Zdaniem ks. Śliwińskiego wyprawa papieża Franciszka na wyspę Lesbos nie była politycznym manifestem i nie należy jej tak odczytywać. – Proszę pamiętać, że pierwszą wycieczką papieża była wyprawa na włoską wyspę Lampeduzę. Już wtedy papież pojechał tam w ramach solidarności i zwrócenia uwagi świata: zobaczcie co tutaj się dzieje – powiedział ks. Śliwiński.
– To mnie w ogóle nie zaskakuje. Jest to kontynuacja naczelnej myśli pontyfikatu papieża, który nie robi niczego innego jak przypomina ewangelię. To znaczy: nie możemy być obojętni na sytuację ofiar wojennych.

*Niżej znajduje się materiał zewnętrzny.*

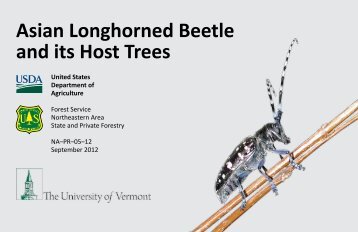 Asian Longhorned Beetle and its Host Trees - USDA Forest Service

- To nie była manifestacja, tym bardziej nie polityczna. Zresztą wracając, w samolocie papież przyznał, że była to spontaniczna decyzja – mówił ks. Śliwiński.
Przedstawiciel Kościoła pytany o obawy m.in. Polaków w związku z przyjęciem uchodźców i ewentualne zagrożenia terrorystyczne, które mogą być tego następstwem powiedział, że papież ma na uwadze potencjalne zagrożenia. - Papież bardziej zdaje sobie z tego sprawę niż nam się wydaje. Jest świadomy tego, że Europejczycy boją się różnych sytuacji związanych z napływem uchodźców – twierdził rzecznik archidiecezji warszawskiej.